Tout cela n’était encore que le prologue ; le vrai ballet, qui avait nom l’Africaine ou le Triomphe de Minerve, commença : on vit, dans un paysage nouveau, se succéder les plus belles filles de la cour, « habillées à l’antique africaine, mais fort court pour ne point nuire à la danse… » — « Leur habit étoit parti de satin rouge, parti de bleu chamarré et quasi-couvert de passement d’or ; elles avoient chacune une masse d’or à la main et pour coiffure une espèce de bourguignote, coupée à jour, renforcée de lamettes d’argent et incarnat et relevée en haut d’une touffe de plumes, qui donnoit une grande grâce à celles qui la portoient. »

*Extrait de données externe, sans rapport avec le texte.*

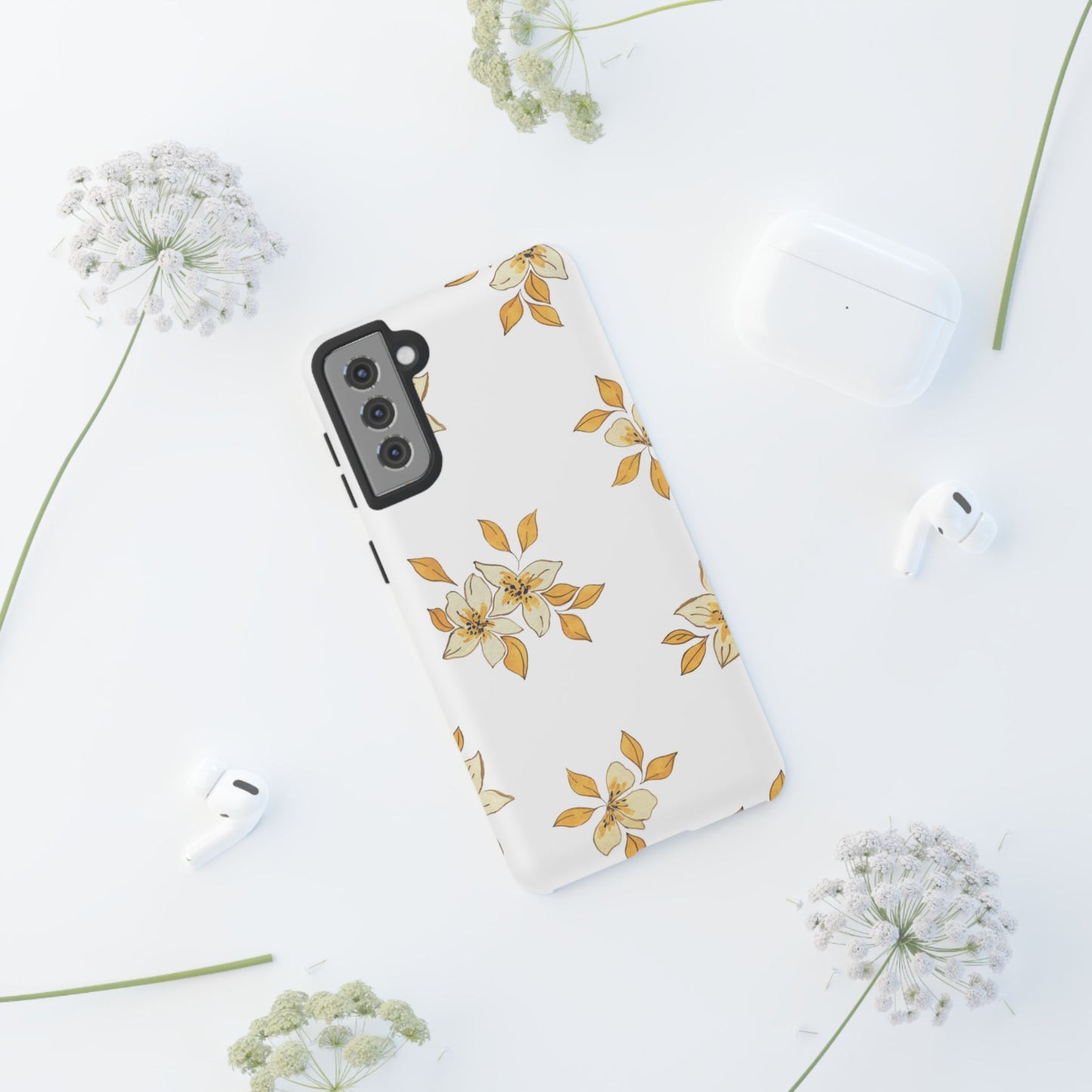 Delicate Yellow Blossom Samsung Galaxy Case – Minimalist Floral Design with Matte Finish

Le premier pas achevé, un berger s’avança, « lequel, comme ramenant ses troupeaux en l’étable au coucher du soleil, sortit des bois en chantant. « Et il chanta des vers que le sieur Malherbe, poète très illustre, avait, pour la circonstance, arrachés à sa veine peu féconde :


Houlette de Louis, houlette de Marie,
« Dont le fatal appui met notre bergerie
Hors du pouvoir des loups :
Vous placer dans les deux, en la même contrée,
Des balances d’Astrée,
Est-ce un prix de vertu qui soit digne de vous ?
................
Aussi dans nos maisons, en nos places publiques,
Ce ne sont que festins, ce ne sont que musiques
De peuples réjouis ;
Et que l’astre du jour ou se lève, ou se couche,
Nous n’avons en la bouche
Que le nom de Marie et le nom de Louis.
................
Un siècle renaîtra comblé d’heur et de joie,
Où le nombre des ans sera la seule voie
D’arriver au trépas :
Tout y sera sans fiel comme au temps de nos pères,
Et même les vipères
Y piqueront sans nuire, ou ne piqueront pas.